Open Node Syntax

Written By: Seairth Jacobs
Document Status: Draft
Version: 0.6.9
Last Updated: June 17, 2005

Introduction

Welcome to the Open Node Syntax (ONX, pronounced "onyx"). ONX was created as an alternative to the current markup languages used today. In particular, ONX spawned from my experiences with XML and the problems that I and others encountered along the way. ONX is designed to be data-oriented instead of document-oriented and is intended for use in platform-independent transfer of data over distributed systems, though it can be used for non-networked applications just as effectively. While it has similarities to other markup languages like XML, it is designed from the ground up with the following goals in mind:

Minimal Set of Rules : The simpler and fewer the rules, the less likely there are to be problems
Generic : Allows ONX to be used for a wide variety of applications
Compact : Since the ONX-encoded data is intended for use over networks (with an emphasis on the Internet), it is important to keep the overall size of the data down as much as possible
Simple Parser Implementation : Allows parsers to be written with less bugs and more speed

To get a quick feel for what ONX looks like, here are a few examples (more thorough ones are given later in the specification):

:onx{
    :calendar{
        :entry{
            :date["2003" "1" "1"]
            :type["event"]
            :note["Happy New Year!"]
        }
        :entry{
            :date["2003" "3" "8"]
            :type["birthday"]
            :note["Buy self a present..."]
        }
    }calendar
}onx

:onx{
    :fields{
        :field["ID" "integer"]
        :field["city" "string"]
        :field["state" "string"]
    }
    :data{
        :record["1" "Norfolk" "VA"]
        :record["2" "Salem" "MA"]
    }
}onx

:onx{:request{:host["www.seairth.com"]:resource["/web/onx/onx.html"]}}onx

NOTE: It is important to point out here that ONX is not intended to be a universal replacement for XML, SGML, or any other markup language. It contains many features that are similar to other languages. In many cases, ONX could be used as an effective alternative. There are also some features that are not commonly found in other markup languages which make ONX more ideal for some uses. Take a look at the specifications. Figure out what your needs are and see if they match with ONX's capabilities. In many cases, you will be quite surprised to find how effective a solution ONX will be for you.

Specification

This is the entire set of rules for ONX (in EBNF):

RootNode ::= ':onx{' (S | Node)* '}onx'
Node ::= ValueNode | ContainerNode
ContainerNode ::= ':' Name '{' (S | Node)* '}' (Name)?
ValueNode ::= ':' Name '[' (S | Value)* ']' (Name)?
Name ::= (Letter | '_') (NameChar)?
NameChar ::= (Letter | Digit | '_' )+
Letter ::= ['A'-'Z'] | ['a'-'z'] | [0xC0-0xD6] | [0xD8-0xF6] | [0xF8-0xFF]
Digit ::= ['0'-'9']
Value ::= '"' [0x00–0xFF]* '"'
S ::= (0x09 | 0x0A | 0x0D | 0x20)+

ONX is organized into Information Blocks, or "infoblocks". An infoblock is defined as the RootNode and its contents. Inside the RootNode, there may be zero or more additional "nodes". Since the RootNode is used to identify the beginning and end of the infoblock, it is possible to have multiple infoblocks in a single stream without ambiguity.

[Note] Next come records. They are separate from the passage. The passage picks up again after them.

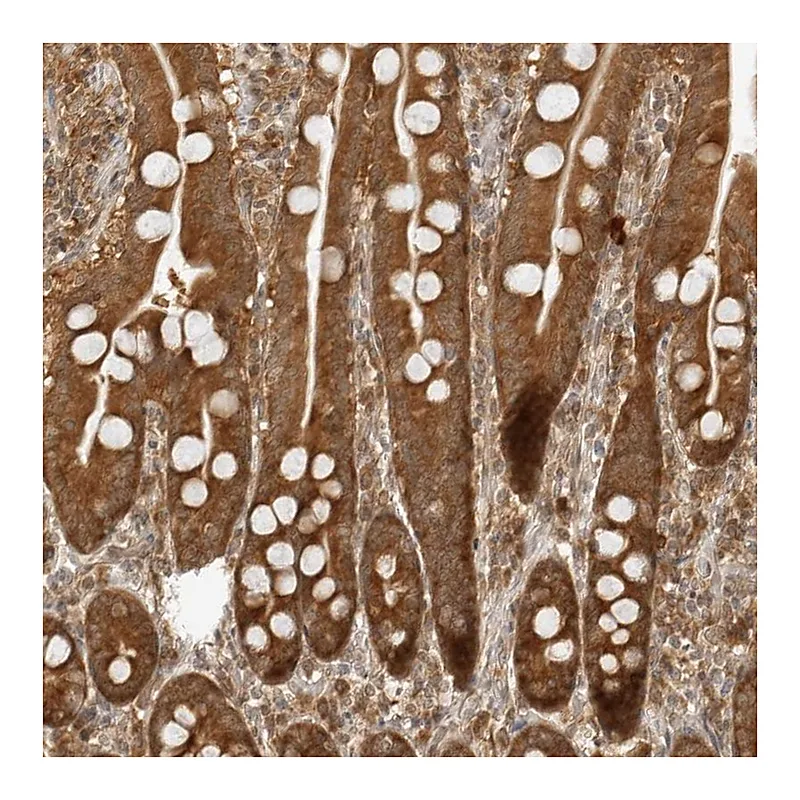 Atlas Antibodies Anti-PRRC2C Antibody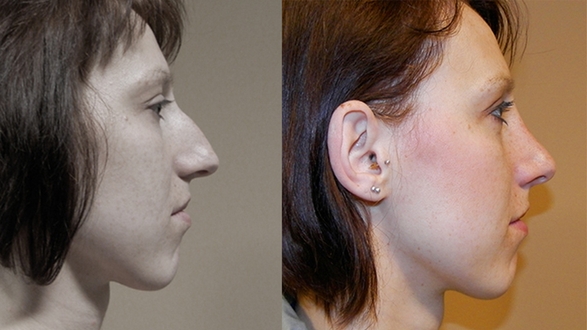 rhinoplastika_9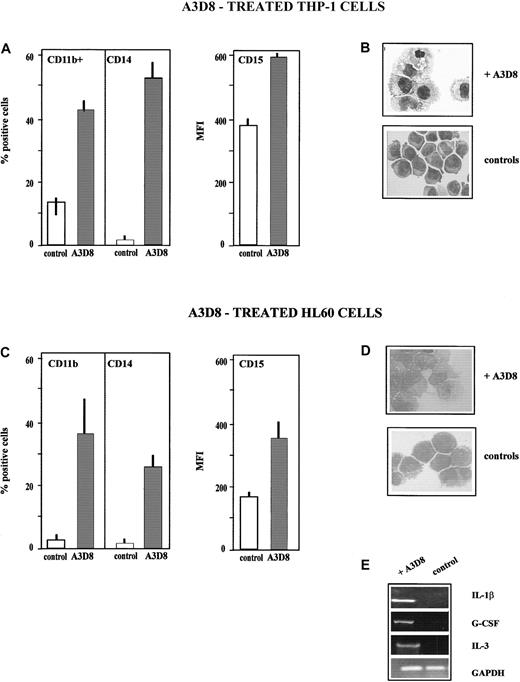 Fig. 4. A3D8 induces monocytic differentiation of THP-1 and HL60 cells. / The data presented in panels A-E have been determined after addition of 2.5 μg/mL A3D8 at day 5 in the case of THP-1 cells (A,B) and at day 6 in the case of HL60 cells (C,D), except cytokine transcript synthesis, which has been analyzed at 24 hours (E). (A,C) Increased expression of lineage differentiation antigens. The expression of CD11b, CD14, and CD15 was measured as described in “Materials and methods” and in the legend to Figure 1A. (B,D) May-Grünwald Giemsa–stained cytosmears. (B) THP-1 cells: control THP-1 cells showed an immature phenotype: high nucleus-cytoplasmic ratio and numerous nucleoli. In contrast, A3D8-treated THP-1 cells showed a decreased nucleus-cytoplasmic ratio, chromatin condensation, and irregular cytoplasmic contours, all typical of mature monocytes. (D) HL60 cells: control cells showed an immature myeloblastic phenotype: high nucleus-cytoplasmic ratio and numerous nucleoli. A3D8-treated cells show a decrease in nucleus-cytoplasmic ratio, chromatin condensation, and irregular cytoplasmic contours typical of mature monocytes. Magnification: × 630. (E) Induction of synthesis of IL-1β, G-CSF, and IL-3 transcripts in HL60 cells. Total RNA from control and treated HL60 cells was prepared as described in “Materials and methods.” Using primers for glyceraldehyde phosphodehydrogenase, the amounts of cDNA were equilibrated to this internal standard. RT-PCR amplification products were separated by 1% agarose gel electrophoresis with 0.5 μg/mL ethidium bromide and were pictured under UV-light irradiation. Twenty-four hours after addition of A3D8, the expression of IL-1β, G-CSF, and IL-3 transcripts was detected. The specificity of the amplification was assessed by Southern blot hybridization with a specific oligonucleotide probe (data not shown). Pretreatment with genistein, a specific inhibitor of tyrosine kinases, abrogated this expression (data not shown).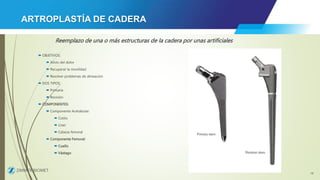 cadera.pptx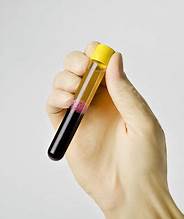 Selphyl Blood Collection and Separation Tube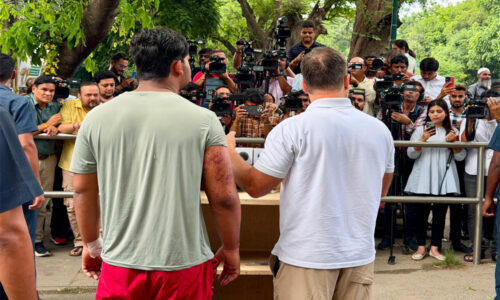 पैलेट गन से घायल छात्र को साथ लाकर राहुल ने सरकार पर साधा निशाना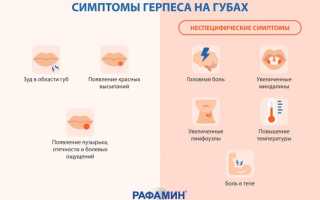 Вирус герпеса: симптомы и лечение, важные аспекты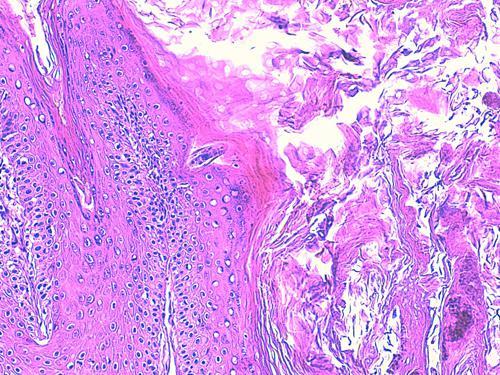 Un cas de pododermatite à ankylostomatidés chez un chien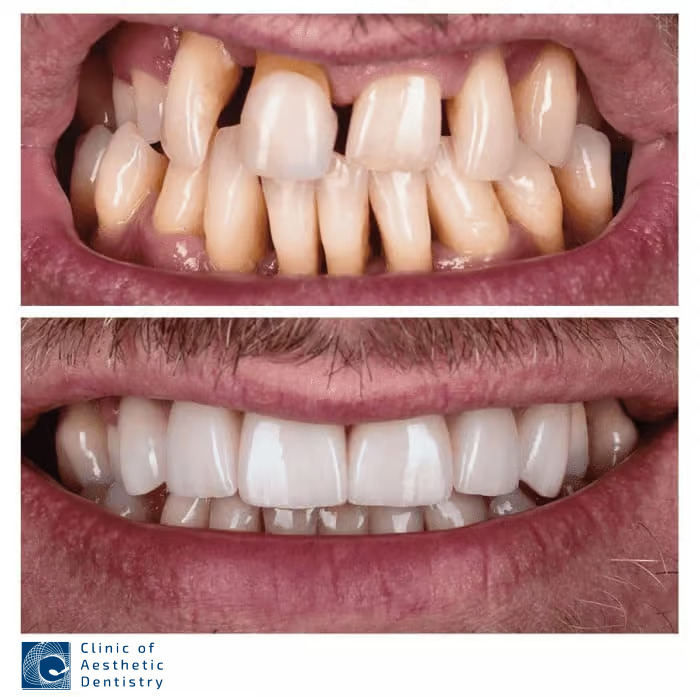 Aesthetic Dental Restoration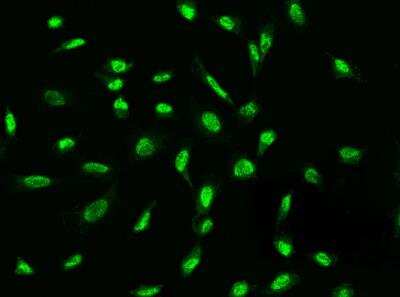 Immunocytochemistry/Immunofluorescence: ADAMTSL4 Antibody [NBP3-05785] -  Staining of ADAMTSL4 in HeLa cells. Cells were fixed with 4% PFA, permeabilzed with 0.3% Triton X-100 in PBS,blocked with 10% serum, and incubated with rabbit anti-Human ADAMTSL4 polyclonal antibody (dilution ratio 1:200) at 4? overnight. Then cells were stained with the Alexa Fluor®488-conjugated Goat Anti-rabbit IgG secondary antibody (green). Positive staining was localized to Nucleus.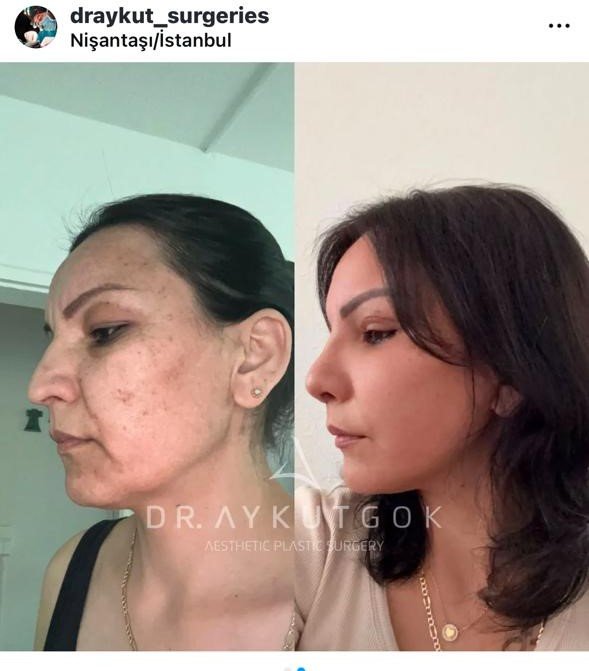 Before and after result by Dr. Aykut Gok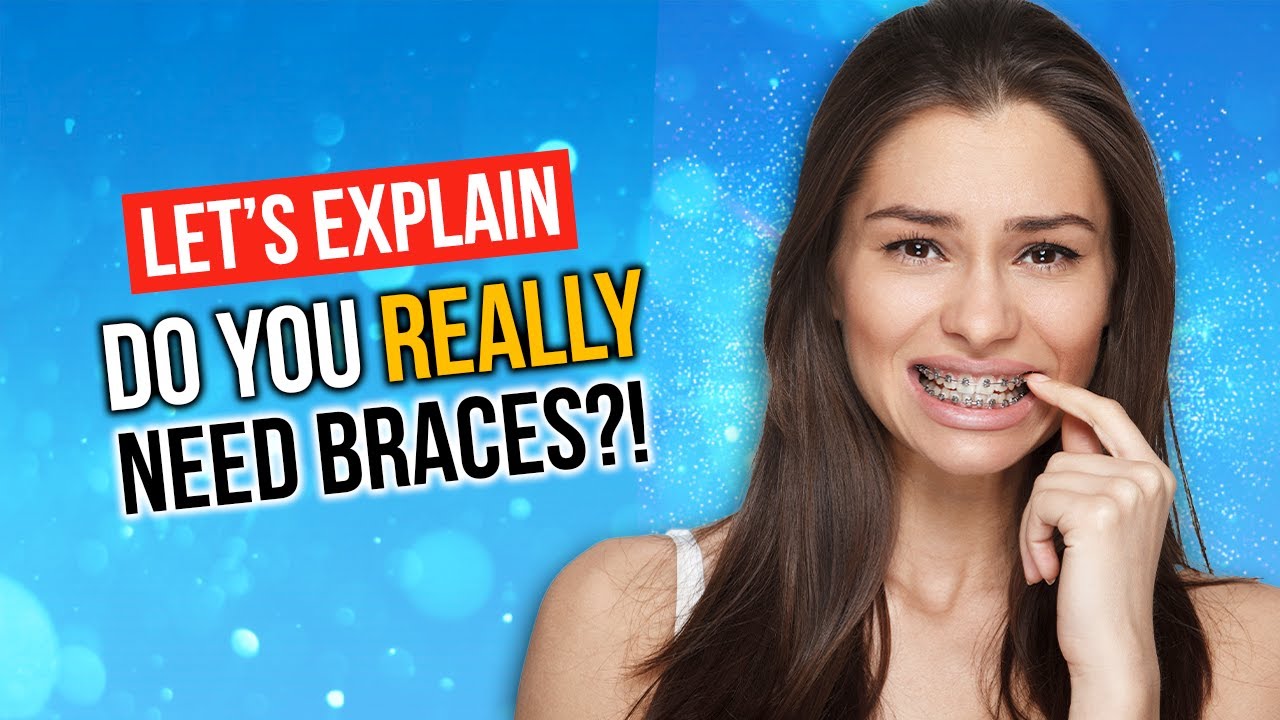 Do You Really NEED Braces?!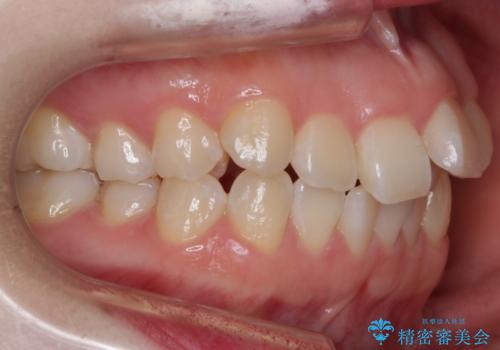 【抜歯】ハーフリンガル矯正で韓国美人な横顔へ!の治療前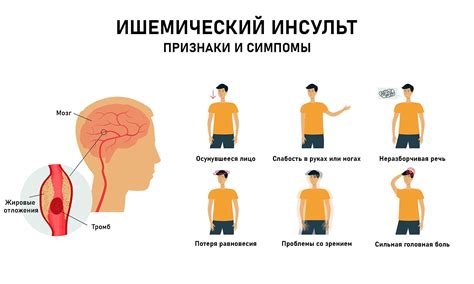 Ишемический инсульт: характеристики и симптомы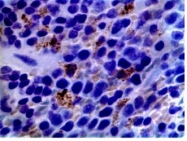 NB110-85474 - Dendritic cells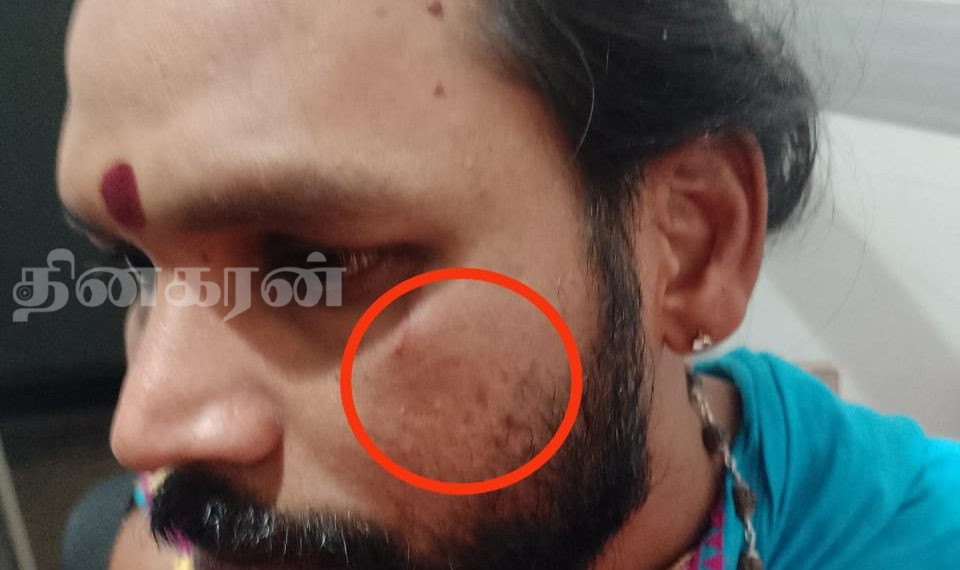 இந்து மதகுரு மீது தாக்குதல் – அருட்கலாநிதி றமேஷ் அமதி அடிகளார் கண்டனம்!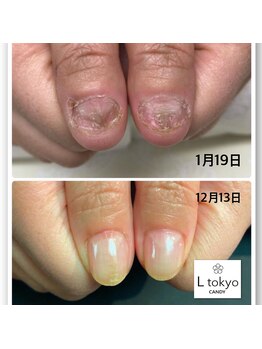 エル トウキョウ キャンディ(L tokyo CANDY)/深爪矯正役1年後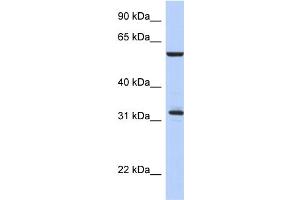 WB Suggested Anti-CDC34 Antibody Titration:  0. (CDC34 抗体  (Middle Region))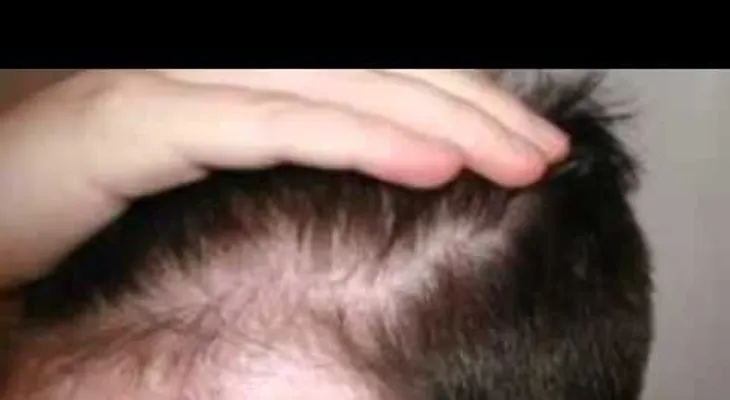 Un tratamiento para prevenir la caída del pelo (VIDEO)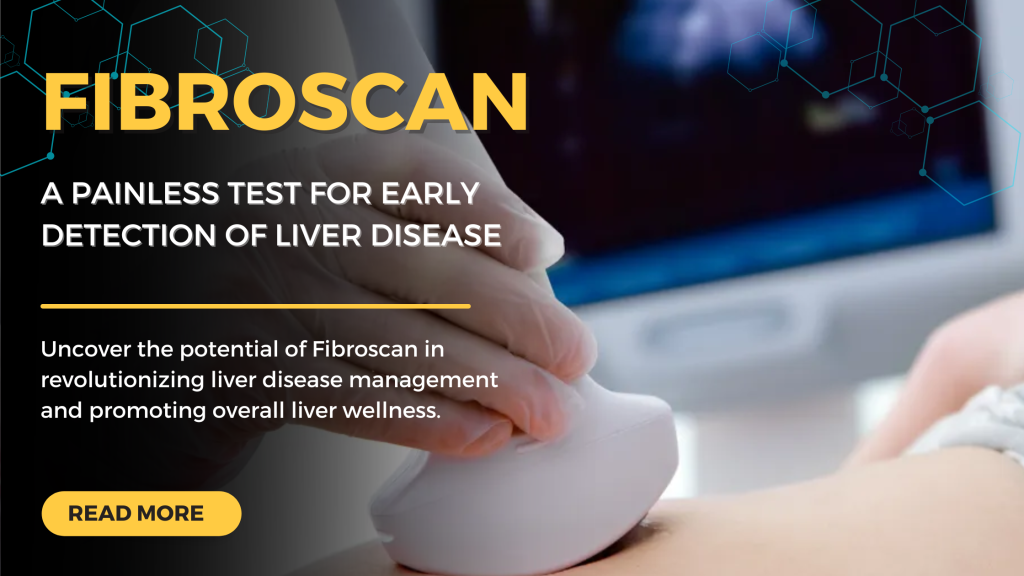 Fibroscan: A Painless Test for Early Detection of Liver Disease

The most basic structure in ONX is the "Node". Each Node starts with a Name. Node names have a standard format and are unlimited in length. However, any Name that starts with “ONX” or any case variation (e.g. Onx, onx, onX, etc.) is reserved for current and future standardization purposes. This means that user-defined nodes should never use this string to start a Name, since it is possible that some future standard would use that same name as a reserved node name.

Before continuing in detail about node types, note the use of whitespace [Rule 10] in ONX. This is entirely optional and is only intended as an aid when a human must directly read an ONX infoblock. As a result, arbitrarily inserting whitespace for readability does not change the meaning of the data. However, in production situations, it is more likely that all whitespace will be left out of the infoblock to reduce size and processing time.

Hint: ONX parsers should first test for the brace, bracket, quote, etc. characters before testing for whitespace. In production, this should reduce the number of tests performed, again assuming that a production system will not generate whitespace.

There are two Node types in an ONX infoblock:

ValueNode: Contains zero or more quoted strings.
ContainerNode: Contains zero or more additional nodes.

ValueNode

The ValueNode is the next most basic type of Node. In this case, the purpose of the node is to provide the ability to convey Name/Value pairs. The name can be associated to either a no value, a single value, or a list of values separated by commas. The contents of a value can be anything including binary data. The value itself is always enclosed in a pair of quote symbols. Examples of a ValueNode are:

:Node[]
:Node["This is a value of this ValueNode"]
:Node["This is a value of this ValueNode" "This is also a value in the same ValueNode"]

The ValueNode can end in one of two formats:

"]" : The short version allows for compact representation. This is important when large infoblocks containing a high percentage of ValueNodes are being transferred over low-bandwidth connections.
"]" Name : The long version allows for increased validation and readability. Since it is possible to create an ONX infoblock with a ValueNode where a "]" has been accidentally left off, this format would lend itself to better pinpointing where the error is. Also, when directly viewing an infoblock, the long version allows easier viewing of large ValueNodes, especially thost that are several lines long . This is useful for development and debugging purposes. However, it is suggested that the short version be used in production situations.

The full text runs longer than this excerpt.